(Brief descriptive captions)
-------

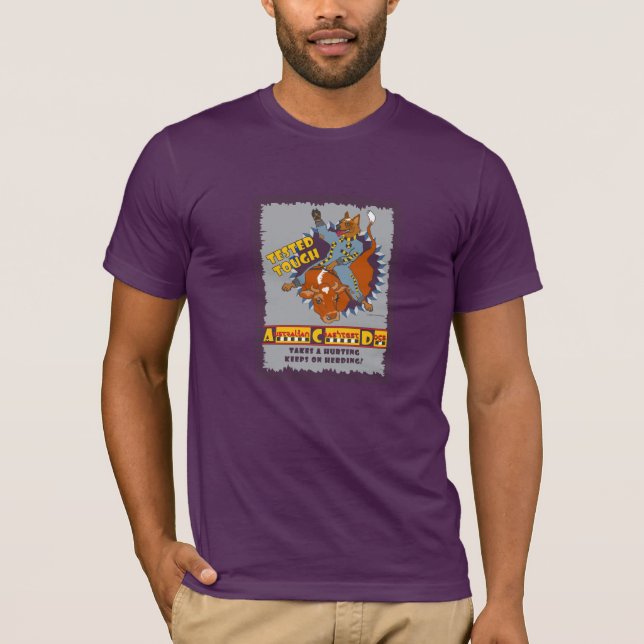 Camiseta Perro australiano del ganado - maniquíes de la (Anverso)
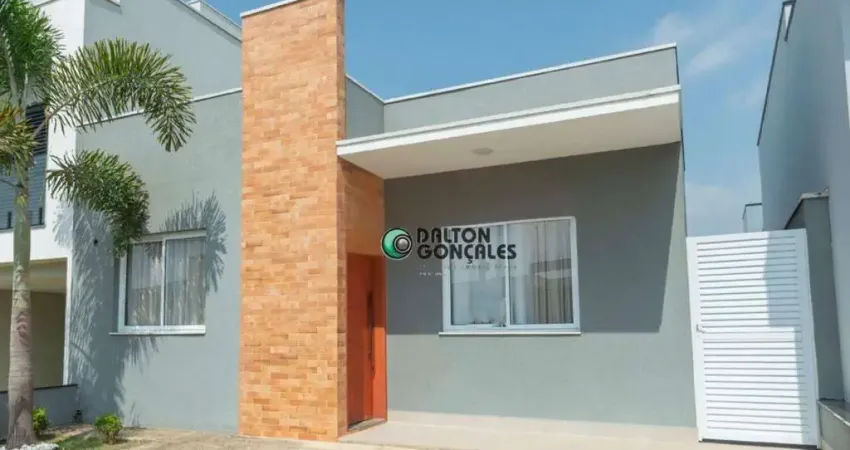 Casa de condomínio para venda em jardim mantova residencial de 100.00m² com 3 quartos e 1 suite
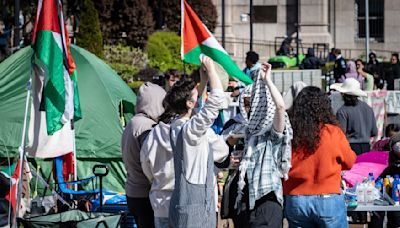 Protestas propalestinas se extienden por universidades de EEUU tras arrestos masivos en Columbia
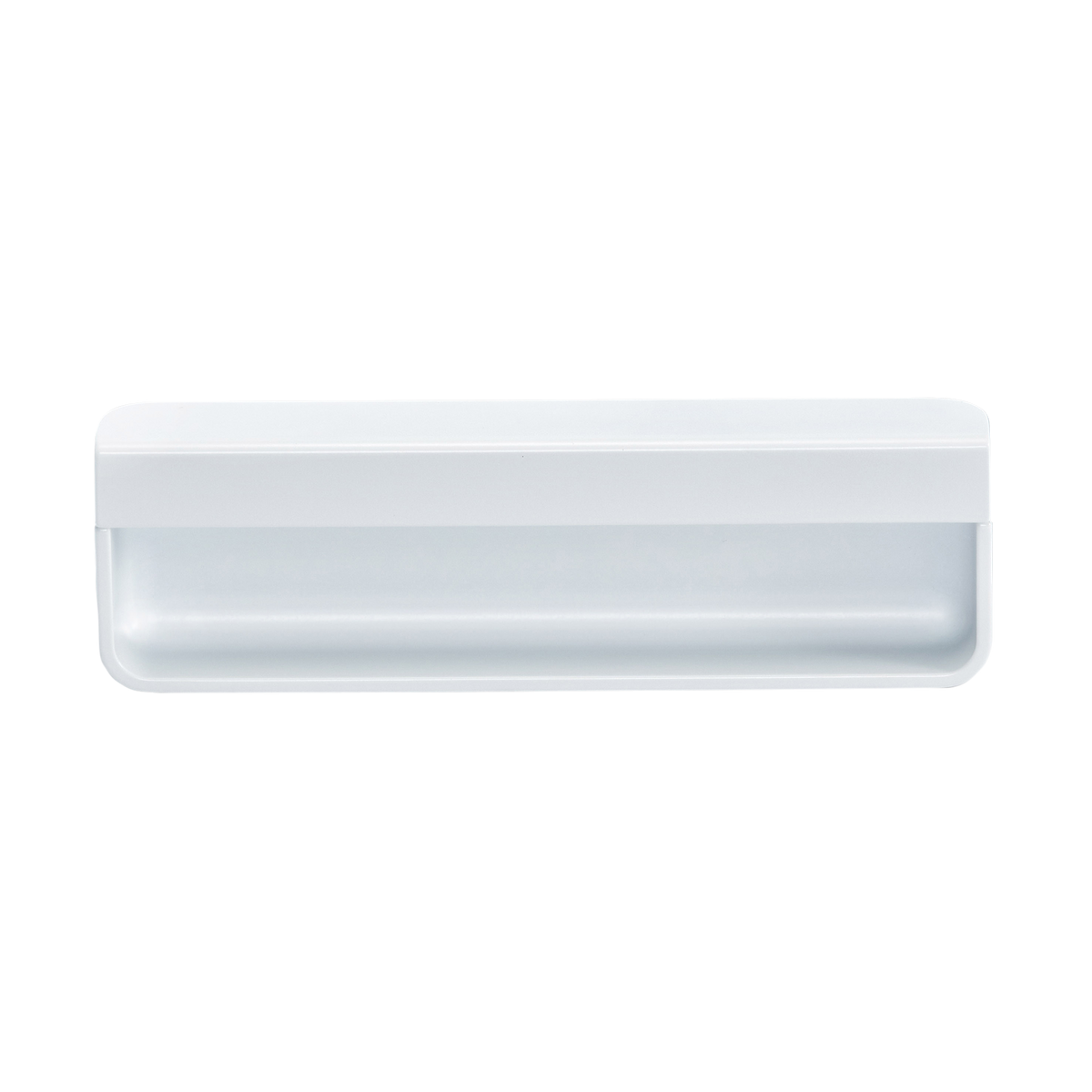 Momo Moule Edge Flush 128mm in Matt White - view 2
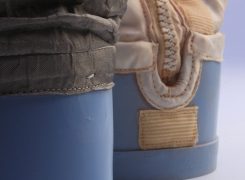Moon boot mold lost for 40 years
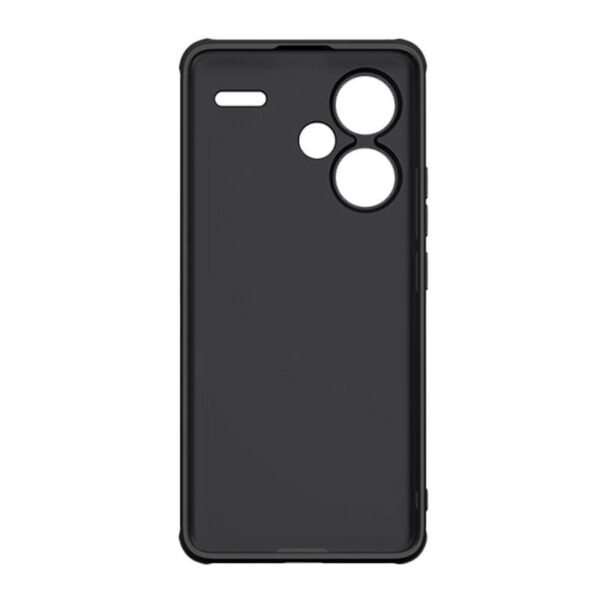 Case Nillkin Super Frosted Shield Pro for Xiaomi Redmi Note 13 Pro+ 5G (black) - obrazek 2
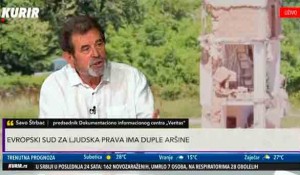 Savo Štrbac o rušenju crkve u Konjević Polju Foto: Kurir, screenshot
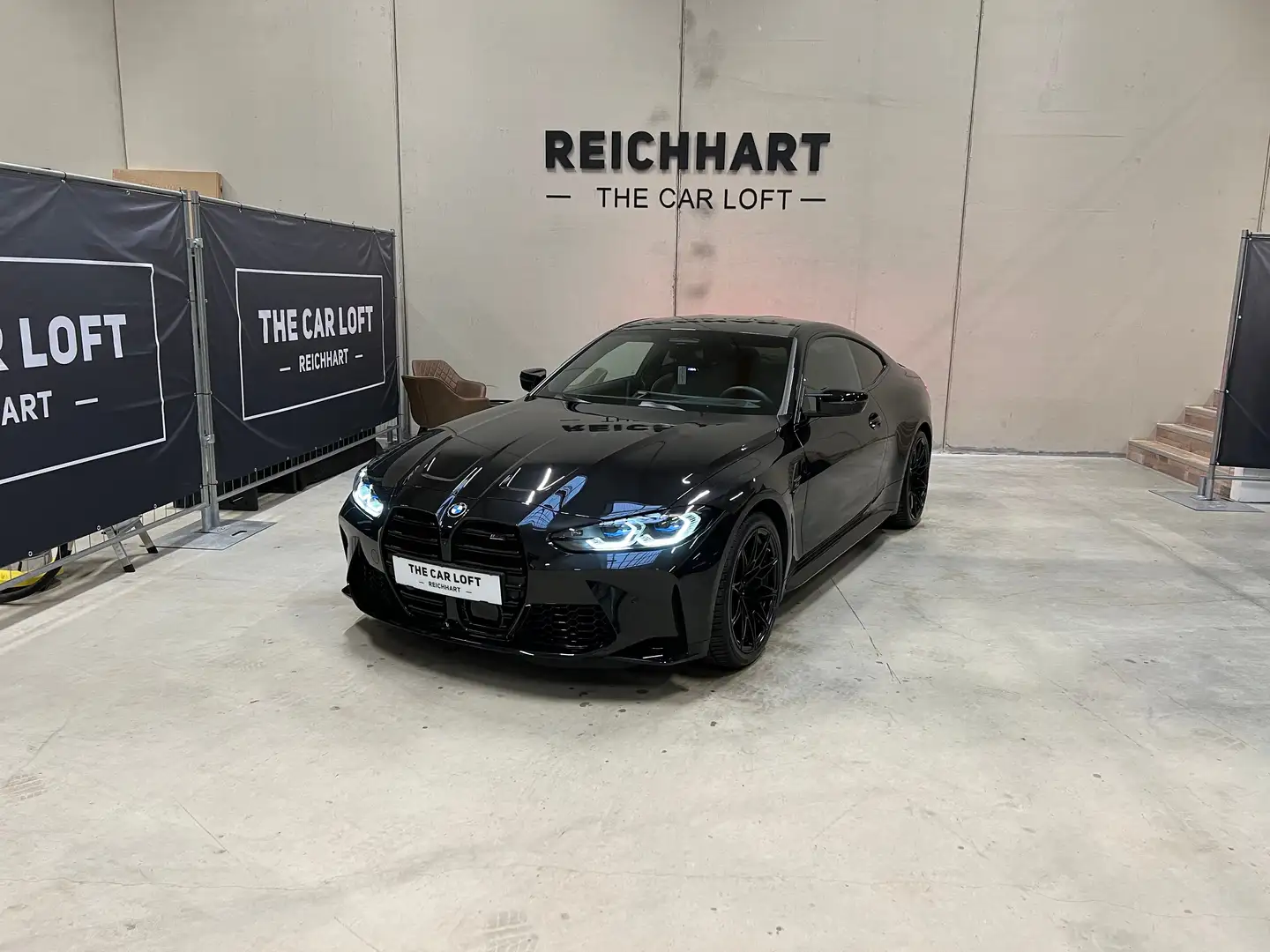 BMW M4 xDrive Competition BLACK Edition Nero - 1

-------

▸ WHAT YOU WILL DO
Exactly as written above, print every record, and keep the pictures out.

▸ ANSWER TO THE EXERCISE
 Camiseta Perro australiano del ganado - maniquíes de la (Anverso)
 Casa de condomínio para venda em jardim mantova residencial de 100.00m² com 3 quartos e 1 suite
 Protestas propalestinas se extienden por universidades de EEUU tras arrestos masivos en Columbia
 Momo Moule Edge Flush 128mm in Matt White - view 2
Moon boot mold lost for 40 years
 Case Nillkin Super Frosted Shield Pro for Xiaomi Redmi Note 13 Pro+ 5G (black) - obrazek 2
 Savo Štrbac o rušenju crkve u Konjević Polju Foto: Kurir, screenshot
 BMW M4 xDrive Competition BLACK Edition Nero - 1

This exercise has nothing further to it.